=== Data excerpts ===
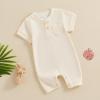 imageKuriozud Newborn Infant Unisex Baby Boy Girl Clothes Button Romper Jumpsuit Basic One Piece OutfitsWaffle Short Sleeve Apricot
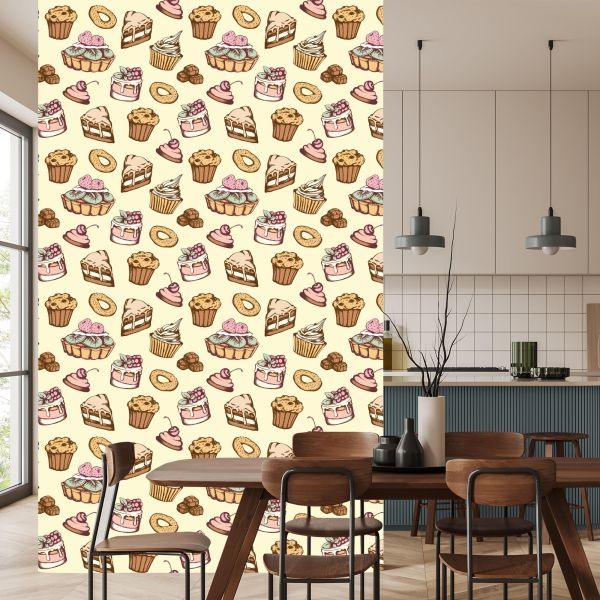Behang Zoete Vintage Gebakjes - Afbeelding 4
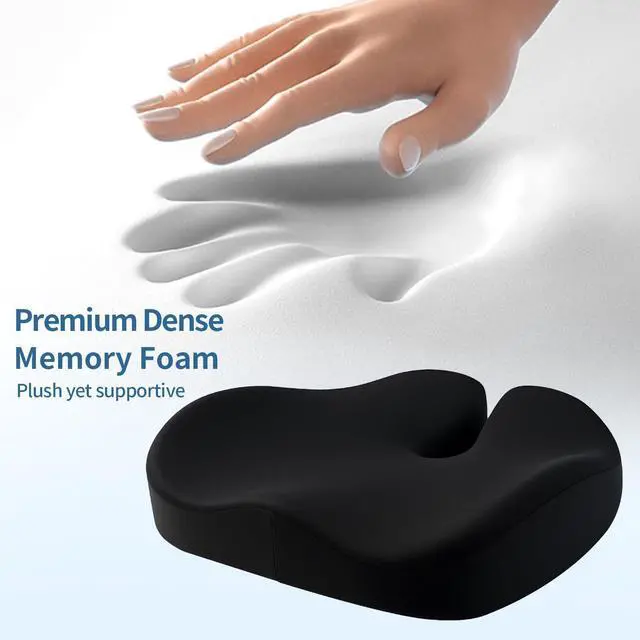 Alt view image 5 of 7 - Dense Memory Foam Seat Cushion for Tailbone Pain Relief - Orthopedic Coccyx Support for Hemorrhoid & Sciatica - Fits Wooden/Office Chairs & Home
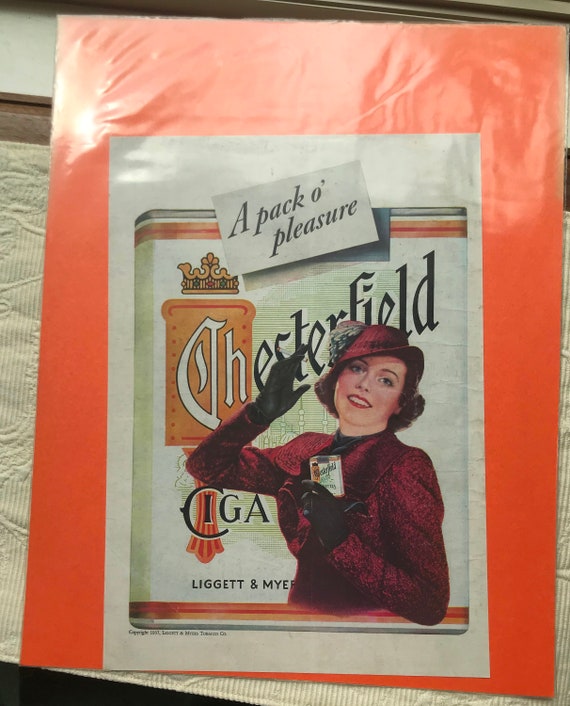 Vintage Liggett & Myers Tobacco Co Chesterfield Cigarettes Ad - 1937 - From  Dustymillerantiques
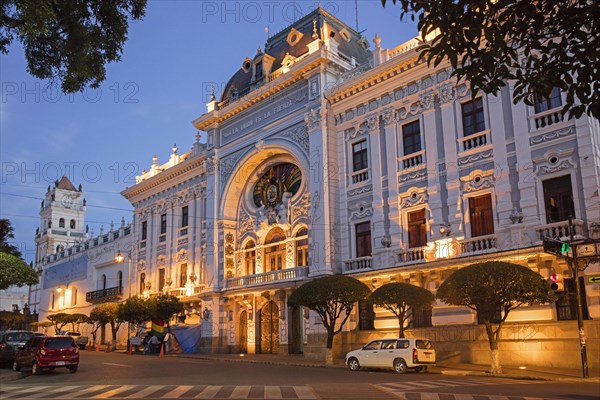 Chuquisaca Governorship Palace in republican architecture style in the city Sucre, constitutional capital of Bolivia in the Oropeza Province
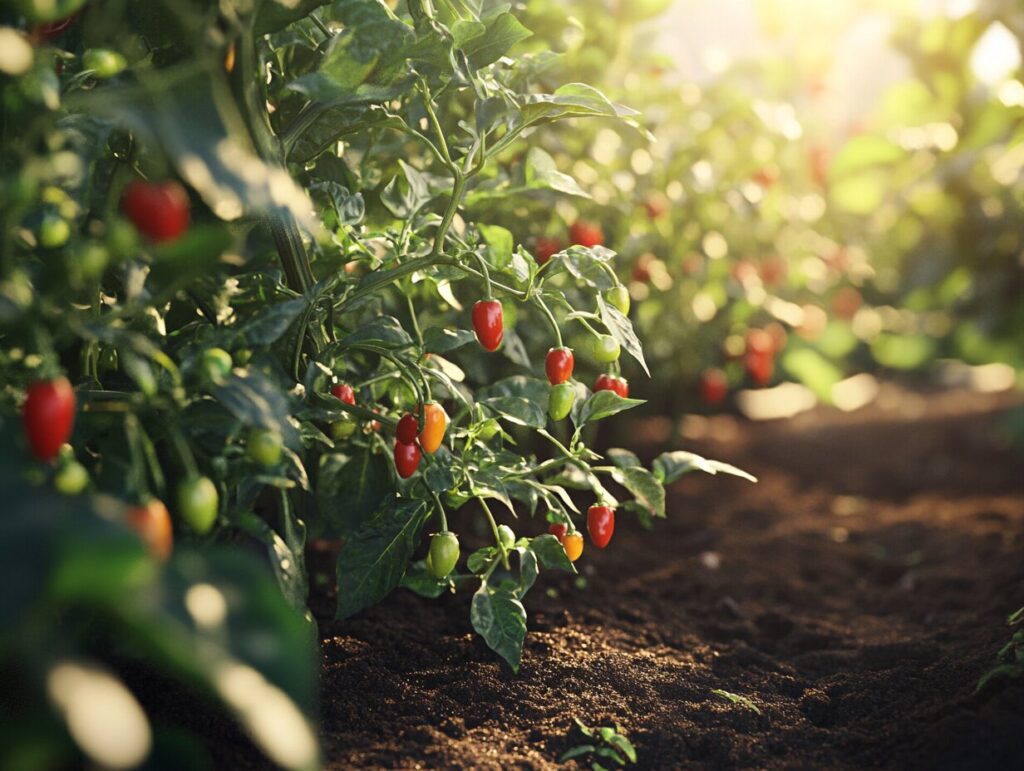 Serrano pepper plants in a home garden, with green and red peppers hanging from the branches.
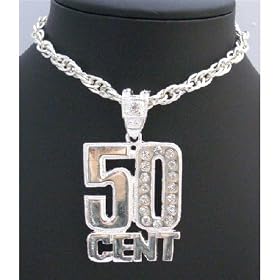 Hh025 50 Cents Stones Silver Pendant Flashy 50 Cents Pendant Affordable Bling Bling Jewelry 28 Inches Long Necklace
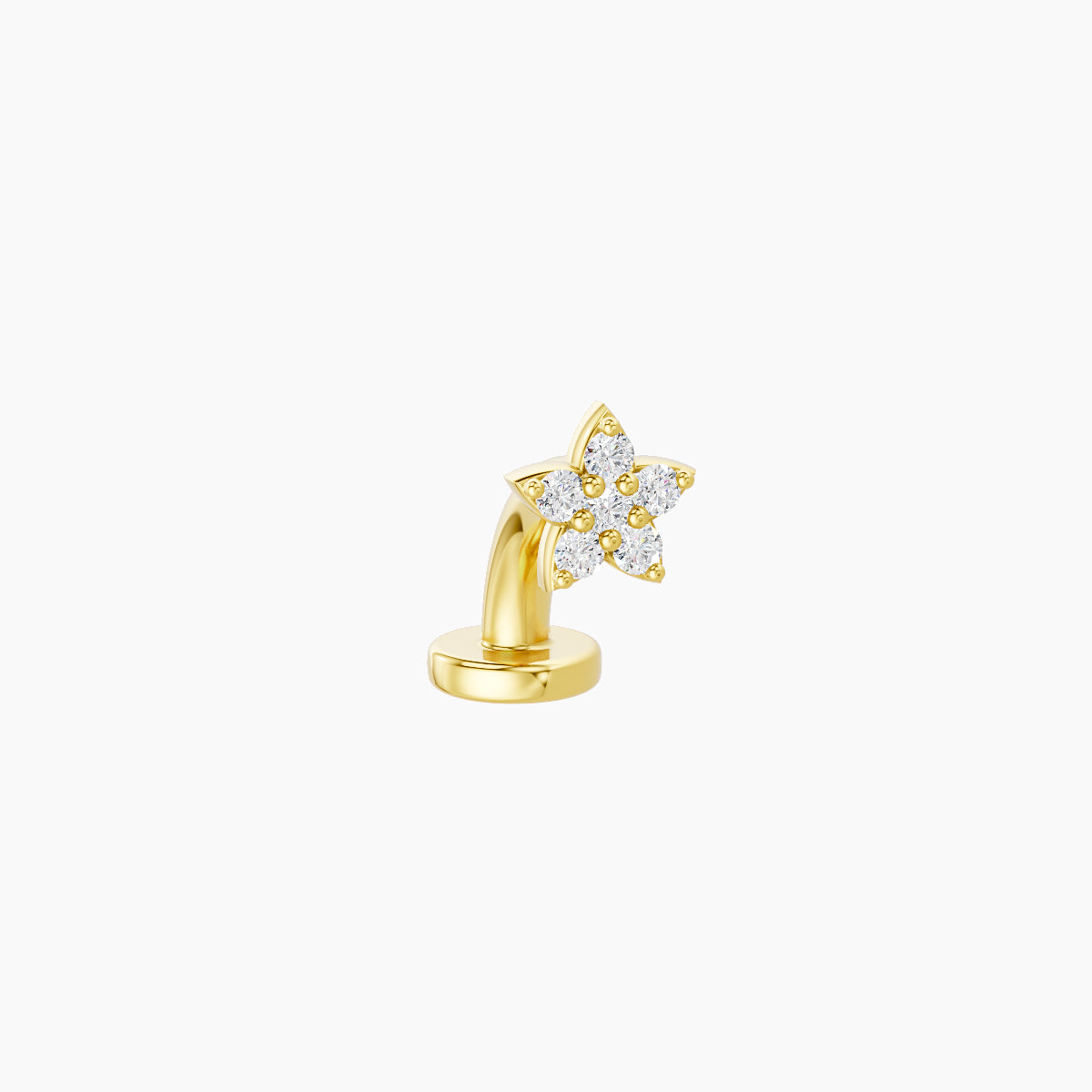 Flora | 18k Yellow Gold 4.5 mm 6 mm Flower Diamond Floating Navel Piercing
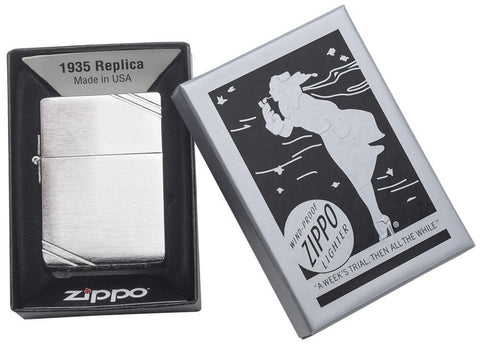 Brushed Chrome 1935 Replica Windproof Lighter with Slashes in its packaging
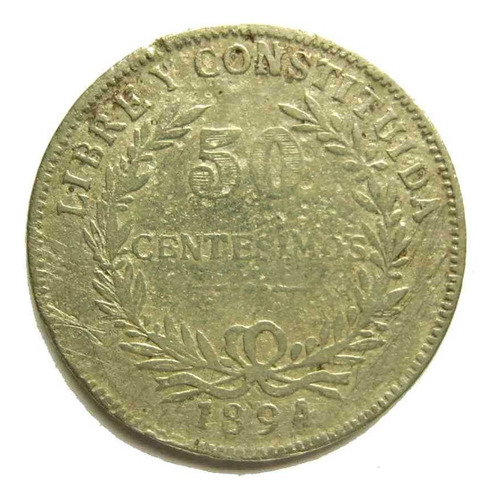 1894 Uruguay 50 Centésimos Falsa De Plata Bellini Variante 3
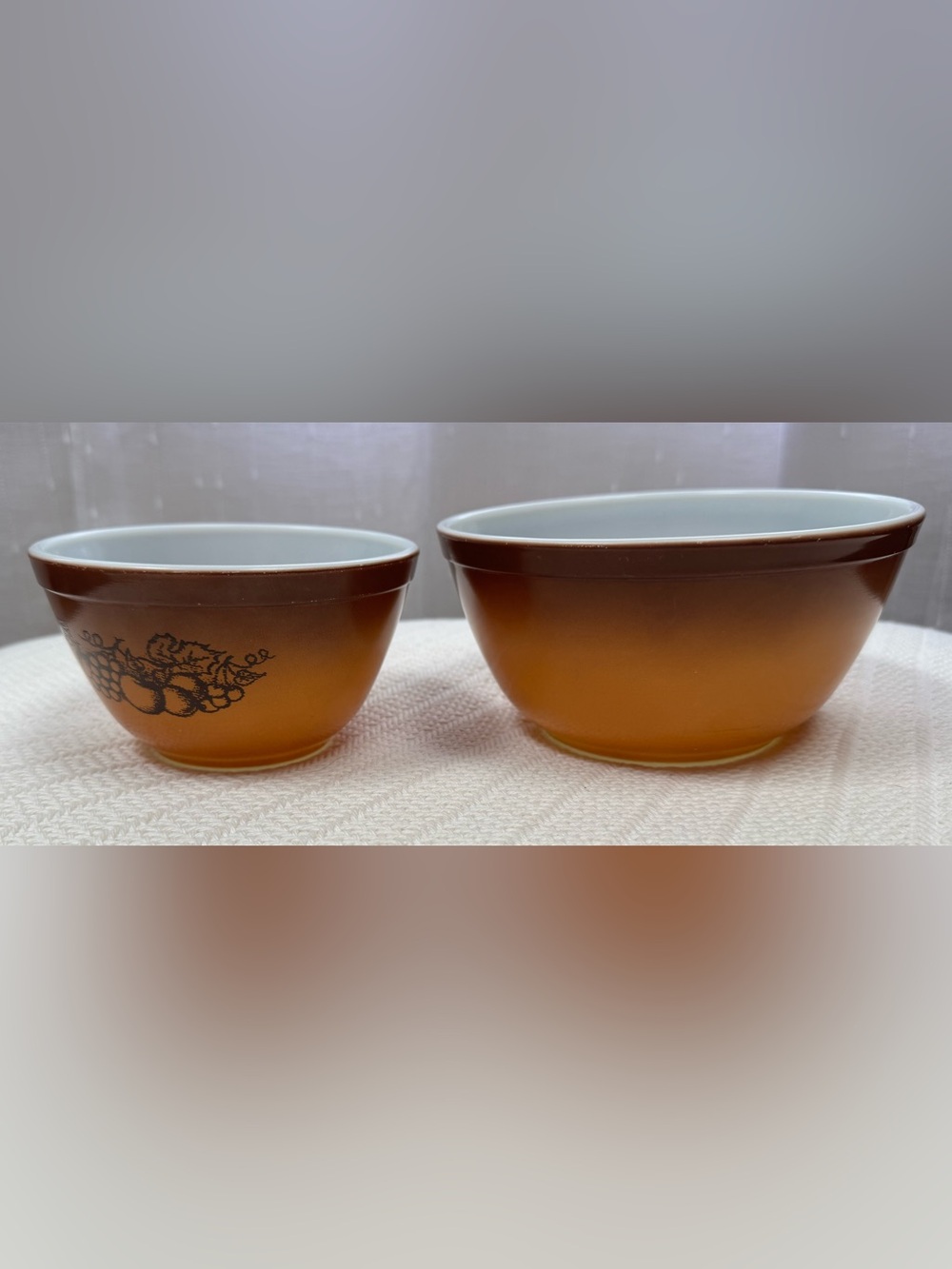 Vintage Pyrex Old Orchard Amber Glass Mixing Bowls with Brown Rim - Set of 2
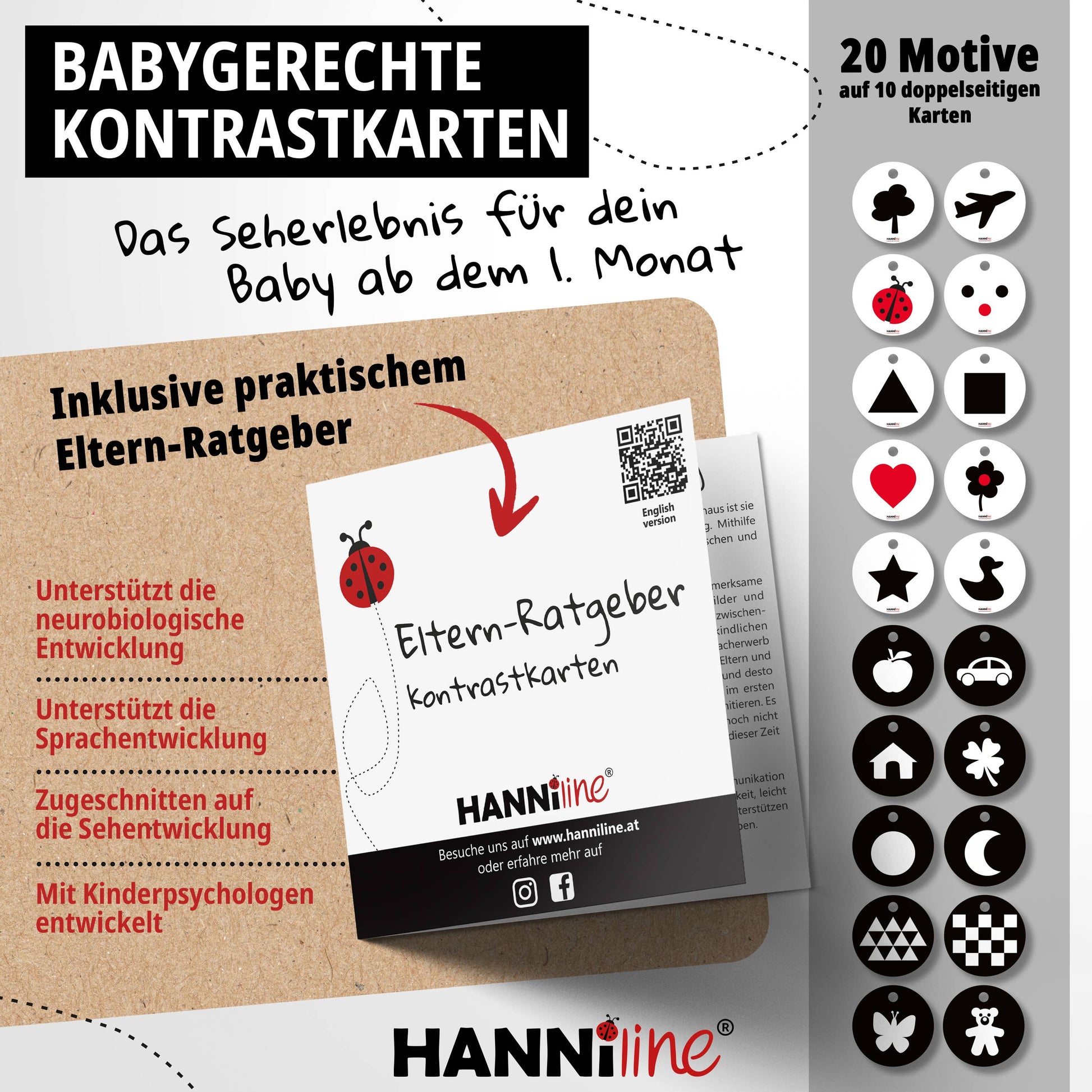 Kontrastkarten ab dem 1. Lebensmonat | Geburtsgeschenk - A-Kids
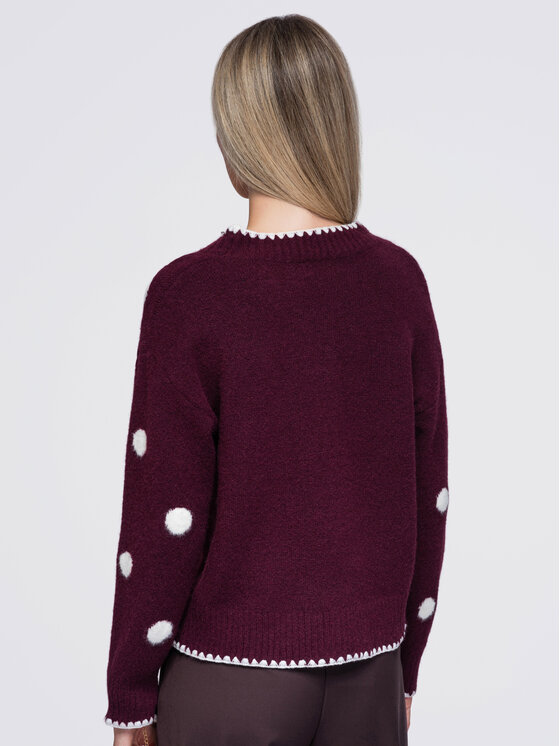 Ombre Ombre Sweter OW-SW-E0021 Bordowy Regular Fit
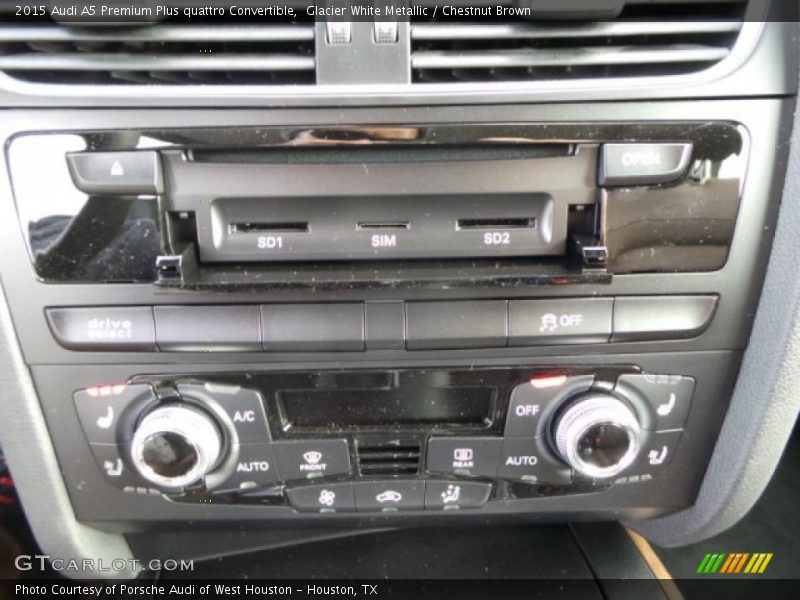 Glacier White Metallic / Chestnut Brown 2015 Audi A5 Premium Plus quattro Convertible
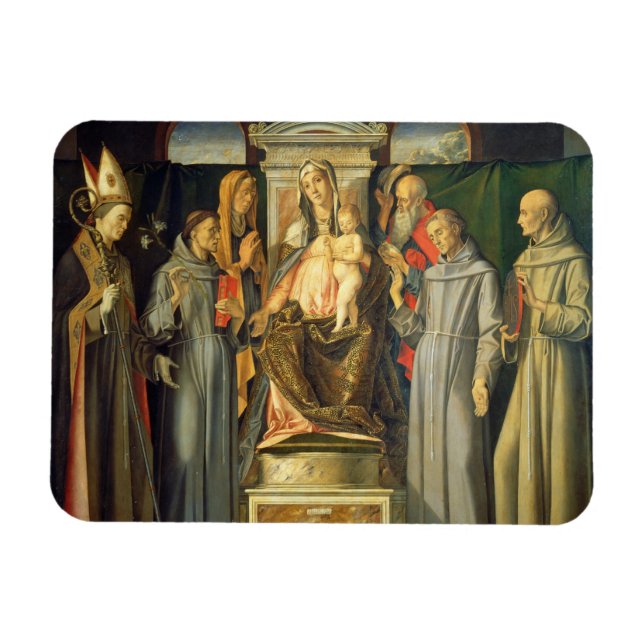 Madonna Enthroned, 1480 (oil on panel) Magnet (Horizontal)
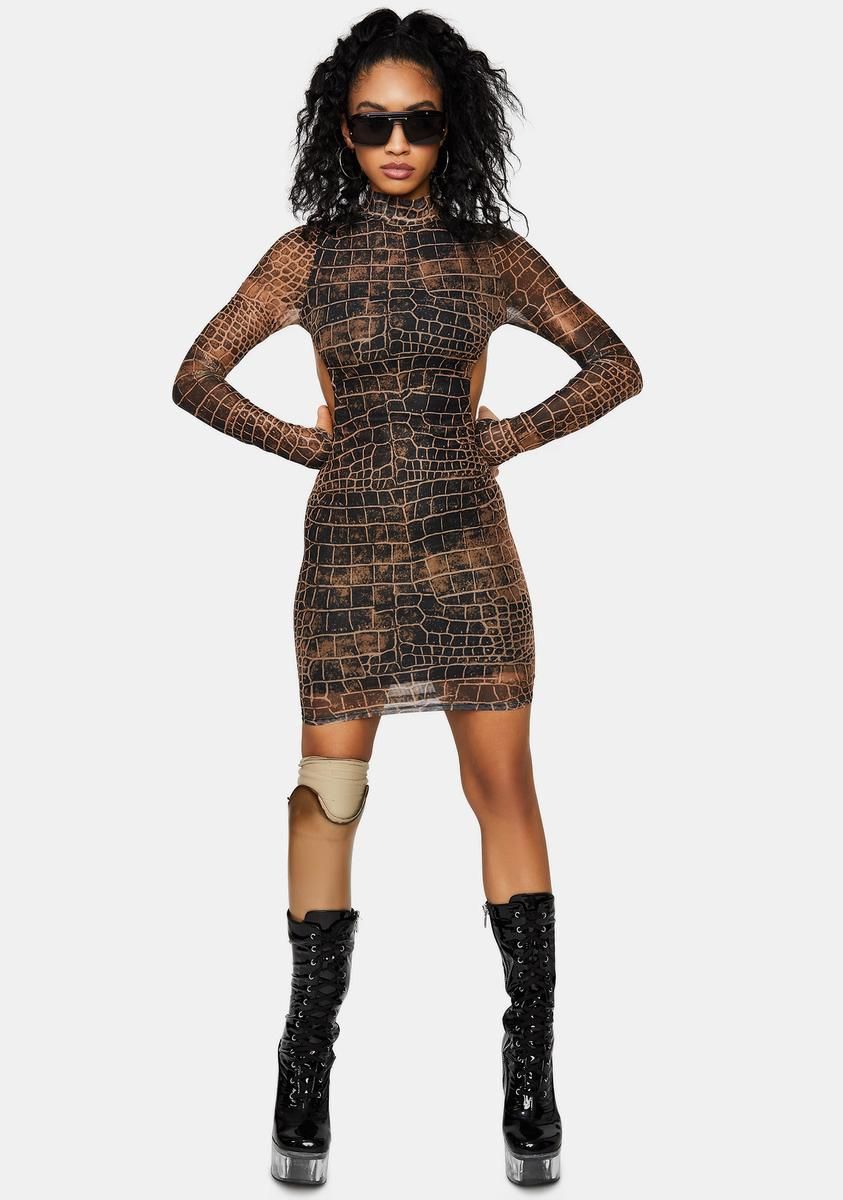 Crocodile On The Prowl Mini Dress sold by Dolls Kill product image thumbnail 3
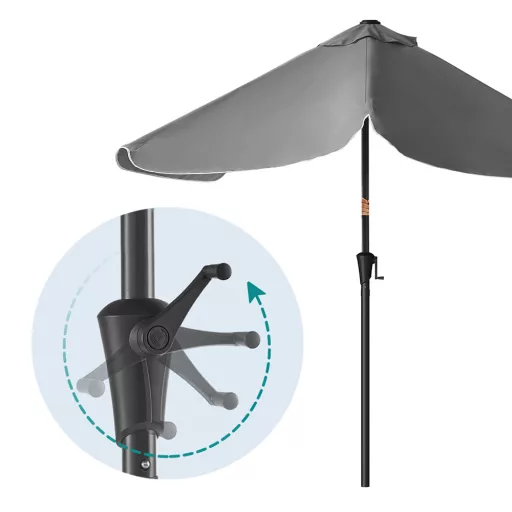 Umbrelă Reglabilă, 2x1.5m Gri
===
Brief
Restate the entries above word for word, minus the pictures.

Expected output
 imageKuriozud Newborn Infant Unisex Baby Boy Girl Clothes Button Romper Jumpsuit Basic One Piece OutfitsWaffle Short Sleeve Apricot
Behang Zoete Vintage Gebakjes - Afbeelding 4
 Alt view image 5 of 7 - Dense Memory Foam Seat Cushion for Tailbone Pain Relief - Orthopedic Coccyx Support for Hemorrhoid & Sciatica - Fits Wooden/Office Chairs & Home
 Vintage Liggett & Myers Tobacco Co Chesterfield Cigarettes Ad - 1937 - From  Dustymillerantiques
 Chuquisaca Governorship Palace in republican architecture style in the city Sucre, constitutional capital of Bolivia in the Oropeza Province
 Serrano pepper plants in a home garden, with green and red peppers hanging from the branches.
 Hh025 50 Cents Stones Silver Pendant Flashy 50 Cents Pendant Affordable Bling Bling Jewelry 28 Inches Long Necklace
 Flora | 18k Yellow Gold 4.5 mm 6 mm Flower Diamond Floating Navel Piercing
 Brushed Chrome 1935 Replica Windproof Lighter with Slashes in its packaging
 1894 Uruguay 50 Centésimos Falsa De Plata Bellini Variante 3
 Vintage Pyrex Old Orchard Amber Glass Mixing Bowls with Brown Rim - Set of 2
 Kontrastkarten ab dem 1. Lebensmonat | Geburtsgeschenk - A-Kids
 Ombre Ombre Sweter OW-SW-E0021 Bordowy Regular Fit
 Glacier White Metallic / Chestnut Brown 2015 Audi A5 Premium Plus quattro Convertible
 Madonna Enthroned, 1480 (oil on panel) Magnet (Horizontal)
 Crocodile On The Prowl Mini Dress sold by Dolls Kill product image thumbnail 3
 Umbrelă Reglabilă, 2x1.5m Gri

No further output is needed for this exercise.